Postnatal CRP was measured only in neonates where clinically indicated up to the first 48 hours following delivery. For these samples, CRP was measured by enzymatic sandwich immunoassay using VITROS Chemistry Products CRP Slides (Ortho-Clinical Diagnostics, Rochester, USA). Until May 2005, the lower limit of detection for the assay was 7 mg/L. After this time, a more sensitive slide technique was used (lower limit of detection 3 mg/L). C-reactive protein values less than the lower limit of detection were analysed in two ways; with all values below the lower limit of detection set to 6.5 mg/L and 2.5 mg/L, respectively. The intra-assay co-efficient of variation was 3.1% and inter-assay co-efficient of variation was 2.5%. The maximum CRP value was the highest value for an infant within the first 48 h post-delivery, even if this was the only available CRP value.
Statistical Analysis
Continuous data were summarised using non-parametric statistics: medians, interquartile ranges (IQR) and ranges (R), and Mann-Whitney U tests were used to compare groups. Categorical data were summarised using frequency distributions. Pearson’s chi-square tests or Fisher’s exact test were used to compare frequency distributions between groups.

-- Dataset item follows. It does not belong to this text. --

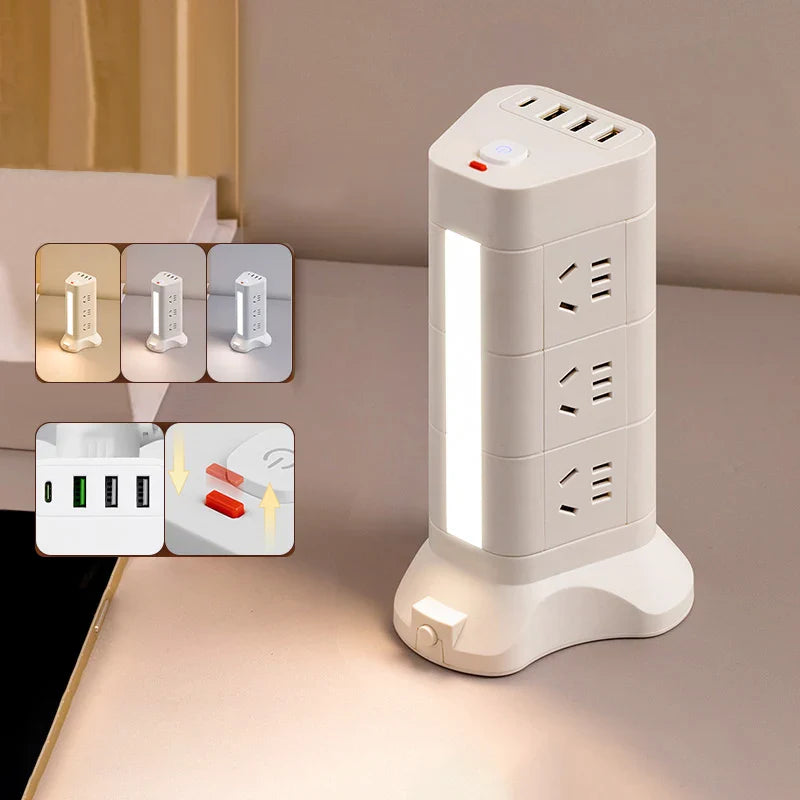 Desktop household space saving socket intelligent switch socket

Linear correlation and linear regression were used to explore the effect of HCA on maternal, cord and neonatal outcomes. Given the likely correlation between maternal and neonatal factors, analysis for maternal and neonatal outcomes used the number of infants delivered as the overall denominator. Regression models for maternal outcomes were adjusted for co-existing conditions associated with maternal inflammation; duration of PROM, intrapartum fever (>38°C), or duration of labour before delivery. Regression models for neonatal outcomes were adjusted for factors associated with elevated cytokine levels; gestational age, ‘small for gestational age’ (according to Australian normative data) [20], and duration of labour. In addition, cord and neonatal white cell count and absolute neutrophil count were adjusted for use of antenatal steroids [21]. Continuous outcomes, such as PCT and absolute neutrophil count, were log-transformed to achieve normality. Coefficient of determination (R2) was used to measure the proportion of variance explained by variables in the linear regression models. As there was no difference in parameters for multiple or singleton pregnancies, these were analysed together (data not shown). For all analyses, P<0.05 was considered statistically significant. Data was analysed using SPSS statistical software (version 15.0: Chicago, Illinois).
Results
Study Cohort
A total of 343 mothers, delivering 421 infants, satisfied inclusion criteria, of whom 247 mothers and their 325 infants had placental samples; analysis was therefore based on these deliveries. Two hundred and twenty two (68%) neonates were delivered preterm, 90 (28%) at 28–32 weeks gestational age, and 19 (6%) <28 weeks gestational age. The median gestational age was 34 weeks (range 24–42 weeks). Approximately two thirds were delivered by elective caesarean section (208, 64%), and one third (128, 39%) were multiple pregnancies.
Placental Histology
Twenty-six placentae (of 247 examined, 10.5%) had HCA with a maternal response graded more than 1, and/or a fetal response [18]. The median gestational age of HCA cases was 30 weeks (IQR 27.5 to 32 weeks) and the majority (23, 88%) of HCA occurred in single gestation pregnancies. Placental culture results were available in 17 of 26 HCA cases, of which 11 (of 17, 65%) were positive. The most common isolates were Mycoplasma hominis (n = 5), Ureaplasma urealyticum (n = 2), and mixed bacterial species (n = 4) (Table 1).
Maternal Characteristics
Univariate comparison of mothers with (n = 26) and without HCA (n = 299) showed that HCA was associated with Aboriginal or Torres Strait Island descent (6/26 (23%) versus 20/299 (7%); P = 0.004), and maternal self-reported smoking (10/26 (39%) versus 42/299 (14%); P = 0.001) (Table 2). Seven (27%) mothers with HCA had symptoms of clinical chorioamnionitis whereas 4 of 299 (1%) of those without HCA were symptomatic (P<0.001). Fifteen of 26 (58%) HCA cases had spontaneous vaginal deliveries, compared to 72/299 (25%) of cases without HCA (P = 0.001). Antenatal steroids were more prevalent in mothers with HCA (15/26 (58%) versus 95/299 (32%); P = 0.009.
Neonatal Characteristics
Newborns born after HCA-affected pregnancies were more likely to be preterm (23/26 (89%) versus 199/299 (68%); P = 0.028) and had a lower gestational age (median 30 (range 23–40) weeks versus 34 (26–42) weeks, respectively, P<0.001). More HCA cases were born at 28–32 weeks GA (7/26 (27%) versus 12/299 (4%); P<0.001), and <28 week GA (11/26 (42%) versus 79/299 (27%); P<0.001) (Table 3). The only case with proven early-onset sepsis (EOS) was excluded from analysis as infection elevates CRP and PCT, potentially confounding the effects of HCA on inflammatory markers, which was the primary research question.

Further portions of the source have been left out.